What they got right was to brush the verifiers (tv-style interviews) away and dive straight down among the shoulders of the players, the people we already know have gone missing never to be found. What we saw once this was established was the steady breakdown of the team's internal relations in a setting that increasingly seemed inescapable. A mounting dread was worsened by some genuinely terrifying incidents and then by the end we descend with them into a hopeless darkness.
The BWP's approach was old decades before its release and more recently Jean Teddy Filippe's extraordinary series of very short films The Forbidden Files showed the same thing could be achieved in miniature. But BWP still works as a feature film. Not the first found footage feature it became the one to cover in the following decade and with very little popular or critical success until Paranormal Activity and Chronicle. Too many cover versions missed the point.
While Blair Witch has not been diminished by its descendants The Last Broadcast has. Not just right out of the gate with BWP but in later examples of the faux documentary like Lake Mungo which used the veracity of improv interviews to very clever and unsettling effect and managed its found footage into real drama.
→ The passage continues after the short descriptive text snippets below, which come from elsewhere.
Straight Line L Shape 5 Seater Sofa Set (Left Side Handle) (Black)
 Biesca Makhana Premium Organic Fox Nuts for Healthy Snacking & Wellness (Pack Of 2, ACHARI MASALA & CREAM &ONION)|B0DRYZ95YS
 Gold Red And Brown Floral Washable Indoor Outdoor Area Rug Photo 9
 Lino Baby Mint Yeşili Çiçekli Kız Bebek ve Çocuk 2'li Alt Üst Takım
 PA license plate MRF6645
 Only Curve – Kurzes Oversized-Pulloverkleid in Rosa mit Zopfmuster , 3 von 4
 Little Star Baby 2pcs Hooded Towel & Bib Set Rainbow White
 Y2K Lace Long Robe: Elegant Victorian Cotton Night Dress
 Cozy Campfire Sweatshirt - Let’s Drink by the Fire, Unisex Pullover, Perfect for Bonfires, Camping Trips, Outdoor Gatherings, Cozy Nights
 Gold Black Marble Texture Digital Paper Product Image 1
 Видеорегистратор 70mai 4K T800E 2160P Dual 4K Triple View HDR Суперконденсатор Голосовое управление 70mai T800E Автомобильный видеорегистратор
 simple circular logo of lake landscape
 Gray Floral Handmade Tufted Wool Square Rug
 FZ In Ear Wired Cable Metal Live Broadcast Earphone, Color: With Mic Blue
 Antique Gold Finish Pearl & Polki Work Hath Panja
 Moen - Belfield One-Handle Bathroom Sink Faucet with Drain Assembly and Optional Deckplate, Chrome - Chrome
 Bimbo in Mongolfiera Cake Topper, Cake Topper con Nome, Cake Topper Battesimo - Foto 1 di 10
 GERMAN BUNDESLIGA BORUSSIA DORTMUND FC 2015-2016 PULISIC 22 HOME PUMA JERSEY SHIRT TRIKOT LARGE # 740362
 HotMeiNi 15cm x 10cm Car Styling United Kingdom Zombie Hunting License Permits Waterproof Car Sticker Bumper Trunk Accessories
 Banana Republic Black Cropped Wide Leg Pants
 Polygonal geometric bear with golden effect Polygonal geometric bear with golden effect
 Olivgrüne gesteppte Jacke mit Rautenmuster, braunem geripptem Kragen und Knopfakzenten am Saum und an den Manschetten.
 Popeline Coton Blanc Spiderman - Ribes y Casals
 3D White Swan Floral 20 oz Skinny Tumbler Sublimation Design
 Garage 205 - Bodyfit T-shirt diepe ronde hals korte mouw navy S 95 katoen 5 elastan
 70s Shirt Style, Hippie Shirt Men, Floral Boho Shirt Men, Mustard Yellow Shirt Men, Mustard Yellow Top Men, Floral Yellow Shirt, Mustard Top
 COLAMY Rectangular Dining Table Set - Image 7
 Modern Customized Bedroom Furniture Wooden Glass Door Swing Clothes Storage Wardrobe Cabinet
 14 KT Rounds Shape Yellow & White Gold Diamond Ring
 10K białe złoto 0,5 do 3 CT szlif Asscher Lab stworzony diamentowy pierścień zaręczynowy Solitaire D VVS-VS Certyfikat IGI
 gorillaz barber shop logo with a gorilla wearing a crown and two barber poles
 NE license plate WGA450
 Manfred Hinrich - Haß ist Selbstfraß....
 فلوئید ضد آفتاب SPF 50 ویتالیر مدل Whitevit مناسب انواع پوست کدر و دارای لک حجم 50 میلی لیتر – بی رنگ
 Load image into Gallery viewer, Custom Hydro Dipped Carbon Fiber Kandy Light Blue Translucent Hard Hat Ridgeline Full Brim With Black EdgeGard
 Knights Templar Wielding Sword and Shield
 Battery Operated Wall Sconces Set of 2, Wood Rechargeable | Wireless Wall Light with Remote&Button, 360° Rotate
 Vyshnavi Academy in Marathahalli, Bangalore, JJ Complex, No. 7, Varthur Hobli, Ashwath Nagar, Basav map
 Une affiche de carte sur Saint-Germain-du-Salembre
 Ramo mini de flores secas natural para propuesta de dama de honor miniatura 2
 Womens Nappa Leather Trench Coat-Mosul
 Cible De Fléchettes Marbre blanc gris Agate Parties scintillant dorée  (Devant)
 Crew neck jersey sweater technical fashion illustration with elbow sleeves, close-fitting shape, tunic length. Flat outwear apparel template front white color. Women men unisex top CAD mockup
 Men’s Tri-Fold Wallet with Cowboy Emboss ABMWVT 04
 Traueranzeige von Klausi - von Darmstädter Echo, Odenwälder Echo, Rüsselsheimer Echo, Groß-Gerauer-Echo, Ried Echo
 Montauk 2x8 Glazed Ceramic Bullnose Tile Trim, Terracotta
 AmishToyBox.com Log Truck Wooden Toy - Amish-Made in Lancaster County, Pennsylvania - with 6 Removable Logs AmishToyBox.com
But while The Last Broadcast might sit crushed beneath an avalanche of the greater success of its followers it remains a curio rather than a pioneer though pioneer it is. It was apart from anything else deemed the first desktop feature (made entirely on digital video and assembled at home). But it has more than its share of merits in its effectively designed dread and use of the interviews to pose more questions than they answered (the interview or testimony in a mystery scenario must frustrate by the incompleteness of its information). But I can't help feeling that if the ending had been better conceived, its potential for the extraordinary realised, it would have been a game-changer. Even then, I wonder, would Blair Witch still eclipse it as a superior imitator? The answer is lost to us.